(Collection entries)
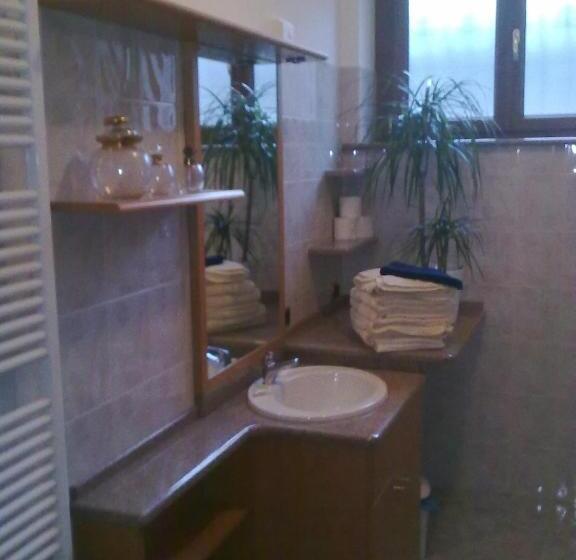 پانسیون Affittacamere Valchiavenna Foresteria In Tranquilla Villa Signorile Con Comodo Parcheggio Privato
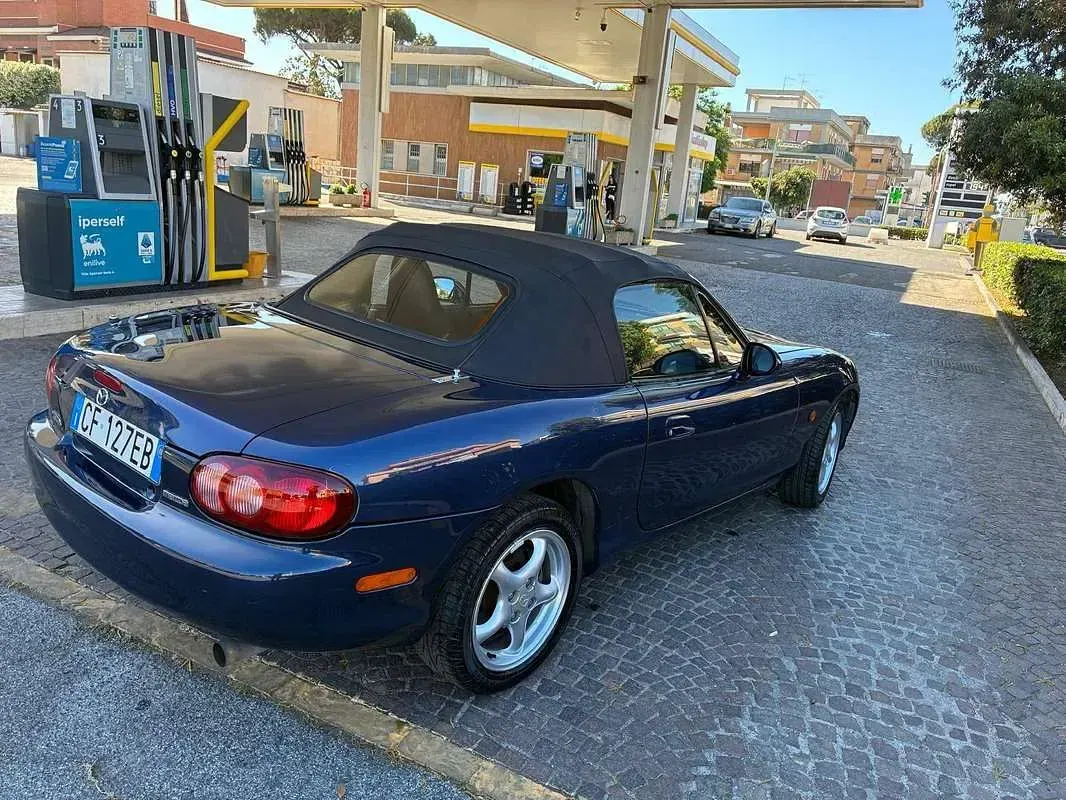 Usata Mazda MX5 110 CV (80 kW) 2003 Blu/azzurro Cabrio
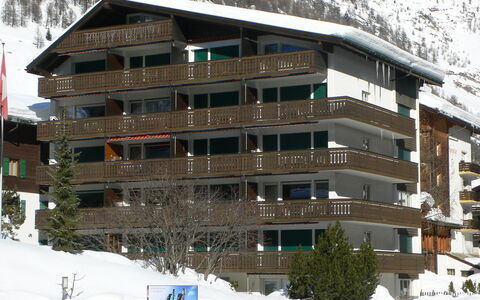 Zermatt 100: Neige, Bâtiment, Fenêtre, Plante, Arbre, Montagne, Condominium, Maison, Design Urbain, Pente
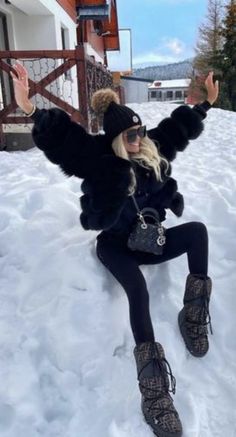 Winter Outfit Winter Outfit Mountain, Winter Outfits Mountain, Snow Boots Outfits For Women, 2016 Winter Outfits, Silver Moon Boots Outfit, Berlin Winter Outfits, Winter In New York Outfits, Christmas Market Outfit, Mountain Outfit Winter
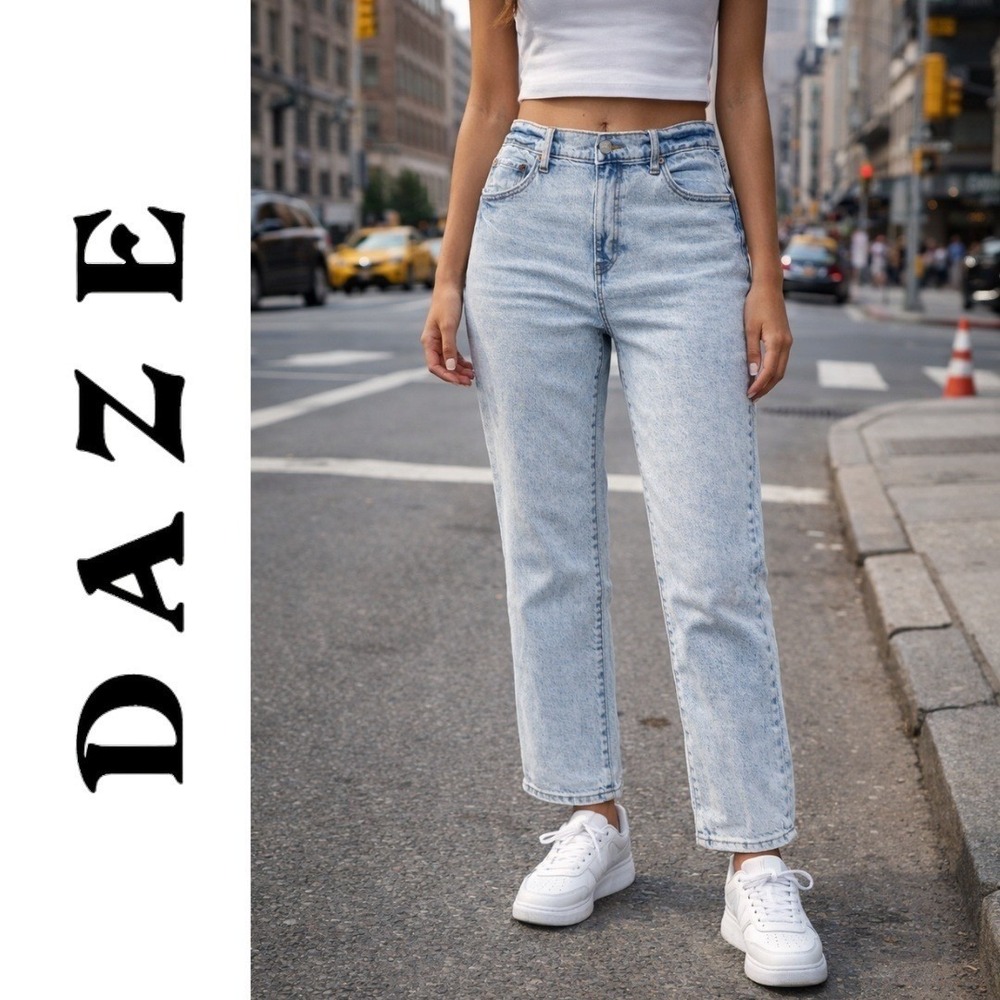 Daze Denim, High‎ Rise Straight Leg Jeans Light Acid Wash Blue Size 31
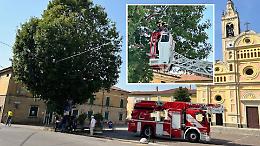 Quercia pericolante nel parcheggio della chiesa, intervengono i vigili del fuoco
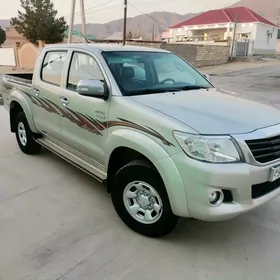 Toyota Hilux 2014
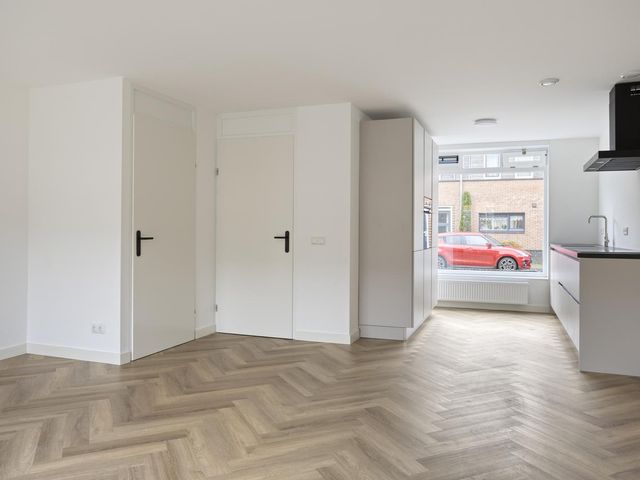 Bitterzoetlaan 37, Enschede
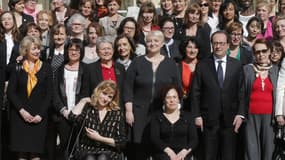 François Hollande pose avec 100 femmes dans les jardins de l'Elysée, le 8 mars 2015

:: Problem to work on ::
Output the records above exactly as written, but leave out the pictures.

:: Output of the task ::
 پانسیون Affittacamere Valchiavenna Foresteria In Tranquilla Villa Signorile Con Comodo Parcheggio Privato
 Usata Mazda MX5 110 CV (80 kW) 2003 Blu/azzurro Cabrio
 Zermatt 100: Neige, Bâtiment, Fenêtre, Plante, Arbre, Montagne, Condominium, Maison, Design Urbain, Pente
 Winter Outfit Winter Outfit Mountain, Winter Outfits Mountain, Snow Boots Outfits For Women, 2016 Winter Outfits, Silver Moon Boots Outfit, Berlin Winter Outfits, Winter In New York Outfits, Christmas Market Outfit, Mountain Outfit Winter
 Daze Denim, High‎ Rise Straight Leg Jeans Light Acid Wash Blue Size 31
 Quercia pericolante nel parcheggio della chiesa, intervengono i vigili del fuoco
 Toyota Hilux 2014
 Bitterzoetlaan 37, Enschede
 François Hollande pose avec 100 femmes dans les jardins de l'Elysée, le 8 mars 2015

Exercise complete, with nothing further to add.